━━━ Data shown
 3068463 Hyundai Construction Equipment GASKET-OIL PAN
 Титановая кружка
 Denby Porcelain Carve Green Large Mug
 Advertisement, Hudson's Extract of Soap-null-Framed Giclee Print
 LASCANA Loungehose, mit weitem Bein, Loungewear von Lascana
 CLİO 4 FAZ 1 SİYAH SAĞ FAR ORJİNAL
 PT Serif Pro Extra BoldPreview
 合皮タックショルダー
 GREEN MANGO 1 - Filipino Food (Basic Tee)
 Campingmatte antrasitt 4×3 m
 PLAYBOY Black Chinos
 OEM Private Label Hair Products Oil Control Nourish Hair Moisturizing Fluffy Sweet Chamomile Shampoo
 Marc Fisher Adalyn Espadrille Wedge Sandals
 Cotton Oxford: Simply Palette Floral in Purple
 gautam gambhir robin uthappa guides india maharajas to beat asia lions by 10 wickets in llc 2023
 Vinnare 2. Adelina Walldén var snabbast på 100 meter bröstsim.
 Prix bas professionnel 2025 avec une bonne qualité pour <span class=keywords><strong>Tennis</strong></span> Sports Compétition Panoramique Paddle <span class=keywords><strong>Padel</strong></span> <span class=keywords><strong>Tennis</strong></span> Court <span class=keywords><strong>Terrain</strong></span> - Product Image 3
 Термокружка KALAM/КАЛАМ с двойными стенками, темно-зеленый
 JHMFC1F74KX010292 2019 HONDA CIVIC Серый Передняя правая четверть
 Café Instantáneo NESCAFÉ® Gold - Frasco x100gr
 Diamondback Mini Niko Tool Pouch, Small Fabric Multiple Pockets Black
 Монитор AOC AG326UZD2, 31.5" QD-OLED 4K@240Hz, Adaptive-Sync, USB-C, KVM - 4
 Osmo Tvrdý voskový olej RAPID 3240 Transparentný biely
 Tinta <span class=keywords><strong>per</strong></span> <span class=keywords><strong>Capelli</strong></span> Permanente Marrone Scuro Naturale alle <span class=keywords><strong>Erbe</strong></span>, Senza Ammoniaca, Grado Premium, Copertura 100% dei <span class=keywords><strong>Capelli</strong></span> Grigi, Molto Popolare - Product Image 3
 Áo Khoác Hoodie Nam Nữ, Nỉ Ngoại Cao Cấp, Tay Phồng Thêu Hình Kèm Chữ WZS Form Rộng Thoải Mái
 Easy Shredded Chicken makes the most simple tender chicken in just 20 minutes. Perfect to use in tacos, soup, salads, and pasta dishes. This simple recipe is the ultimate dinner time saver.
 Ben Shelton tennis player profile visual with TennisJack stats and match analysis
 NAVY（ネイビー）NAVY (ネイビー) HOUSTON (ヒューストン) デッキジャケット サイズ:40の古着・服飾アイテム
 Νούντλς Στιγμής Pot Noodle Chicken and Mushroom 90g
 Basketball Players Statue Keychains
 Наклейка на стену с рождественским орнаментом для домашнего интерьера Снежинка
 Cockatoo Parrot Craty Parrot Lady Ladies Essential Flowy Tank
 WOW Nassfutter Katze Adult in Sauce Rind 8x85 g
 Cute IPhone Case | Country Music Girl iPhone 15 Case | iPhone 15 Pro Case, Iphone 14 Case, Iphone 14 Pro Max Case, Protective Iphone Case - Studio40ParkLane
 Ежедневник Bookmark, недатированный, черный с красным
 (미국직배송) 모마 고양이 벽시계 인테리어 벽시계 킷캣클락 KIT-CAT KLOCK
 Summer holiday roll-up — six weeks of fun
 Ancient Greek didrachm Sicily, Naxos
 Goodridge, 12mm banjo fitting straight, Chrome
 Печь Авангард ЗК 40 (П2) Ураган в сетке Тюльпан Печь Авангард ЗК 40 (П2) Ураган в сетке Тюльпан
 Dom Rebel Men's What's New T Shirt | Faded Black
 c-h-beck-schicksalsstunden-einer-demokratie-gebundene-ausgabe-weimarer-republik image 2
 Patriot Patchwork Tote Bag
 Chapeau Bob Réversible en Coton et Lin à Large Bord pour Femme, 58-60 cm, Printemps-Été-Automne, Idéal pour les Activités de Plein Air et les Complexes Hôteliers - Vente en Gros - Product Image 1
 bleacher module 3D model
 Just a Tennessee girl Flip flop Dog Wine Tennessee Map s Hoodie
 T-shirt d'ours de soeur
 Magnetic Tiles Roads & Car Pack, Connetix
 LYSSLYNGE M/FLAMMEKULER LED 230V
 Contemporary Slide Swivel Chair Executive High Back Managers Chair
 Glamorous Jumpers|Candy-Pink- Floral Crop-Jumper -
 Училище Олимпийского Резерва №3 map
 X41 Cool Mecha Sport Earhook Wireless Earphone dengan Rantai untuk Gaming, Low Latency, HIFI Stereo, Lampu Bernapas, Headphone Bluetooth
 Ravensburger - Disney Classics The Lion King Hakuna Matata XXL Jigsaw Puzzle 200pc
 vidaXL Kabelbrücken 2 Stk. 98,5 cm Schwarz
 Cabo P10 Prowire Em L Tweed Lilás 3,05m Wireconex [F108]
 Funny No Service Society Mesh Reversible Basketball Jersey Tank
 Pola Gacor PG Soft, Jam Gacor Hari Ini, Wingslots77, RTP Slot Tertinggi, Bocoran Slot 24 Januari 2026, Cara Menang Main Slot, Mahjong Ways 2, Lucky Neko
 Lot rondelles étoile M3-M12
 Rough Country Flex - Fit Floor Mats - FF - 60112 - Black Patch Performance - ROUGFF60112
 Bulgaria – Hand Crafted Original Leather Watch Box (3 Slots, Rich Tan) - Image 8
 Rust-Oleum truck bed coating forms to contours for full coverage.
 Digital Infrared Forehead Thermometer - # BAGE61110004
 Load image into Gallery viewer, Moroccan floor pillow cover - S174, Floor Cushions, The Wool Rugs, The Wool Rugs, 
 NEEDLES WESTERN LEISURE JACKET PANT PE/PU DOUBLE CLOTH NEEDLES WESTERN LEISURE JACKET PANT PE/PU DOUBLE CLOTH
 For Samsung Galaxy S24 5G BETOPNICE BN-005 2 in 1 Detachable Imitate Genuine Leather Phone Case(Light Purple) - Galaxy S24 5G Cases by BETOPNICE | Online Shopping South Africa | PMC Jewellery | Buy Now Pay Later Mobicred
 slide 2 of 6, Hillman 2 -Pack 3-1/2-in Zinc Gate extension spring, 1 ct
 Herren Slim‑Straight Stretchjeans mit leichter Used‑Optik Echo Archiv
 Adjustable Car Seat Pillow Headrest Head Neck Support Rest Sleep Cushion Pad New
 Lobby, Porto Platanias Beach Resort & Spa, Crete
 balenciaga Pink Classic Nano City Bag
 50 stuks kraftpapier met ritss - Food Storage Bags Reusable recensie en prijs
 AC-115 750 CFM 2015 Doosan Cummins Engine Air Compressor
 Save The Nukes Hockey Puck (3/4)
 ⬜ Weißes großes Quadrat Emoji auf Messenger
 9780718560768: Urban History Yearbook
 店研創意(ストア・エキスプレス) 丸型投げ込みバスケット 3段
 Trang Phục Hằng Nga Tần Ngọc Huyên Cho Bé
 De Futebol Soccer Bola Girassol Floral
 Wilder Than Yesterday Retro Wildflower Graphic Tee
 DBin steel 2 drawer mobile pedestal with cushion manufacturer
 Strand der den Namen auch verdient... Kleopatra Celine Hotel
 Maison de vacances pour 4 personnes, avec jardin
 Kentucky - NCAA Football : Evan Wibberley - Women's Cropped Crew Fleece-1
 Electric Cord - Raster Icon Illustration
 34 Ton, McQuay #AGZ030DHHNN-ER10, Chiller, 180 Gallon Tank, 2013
━━━━━━
- [Task to complete]: Precisely the lines between those holding "Goodridge, 12mm banjo" and "Училище Олимпийского Резерва №3 map", inclusive, are to be reproduced from the listing above, with nothing added.

- [Expected answer]:
 Goodridge, 12mm banjo fitting straight, Chrome
 Печь Авангард ЗК 40 (П2) Ураган в сетке Тюльпан Печь Авангард ЗК 40 (П2) Ураган в сетке Тюльпан
 Dom Rebel Men's What's New T Shirt | Faded Black
 c-h-beck-schicksalsstunden-einer-demokratie-gebundene-ausgabe-weimarer-republik image 2
 Patriot Patchwork Tote Bag
 Chapeau Bob Réversible en Coton et Lin à Large Bord pour Femme, 58-60 cm, Printemps-Été-Automne, Idéal pour les Activités de Plein Air et les Complexes Hôteliers - Vente en Gros - Product Image 1
 bleacher module 3D model
 Just a Tennessee girl Flip flop Dog Wine Tennessee Map s Hoodie
 T-shirt d'ours de soeur
 Magnetic Tiles Roads & Car Pack, Connetix
 LYSSLYNGE M/FLAMMEKULER LED 230V
 Contemporary Slide Swivel Chair Executive High Back Managers Chair
 Glamorous Jumpers|Candy-Pink- Floral Crop-Jumper -
 Училище Олимпийского Резерва №3 map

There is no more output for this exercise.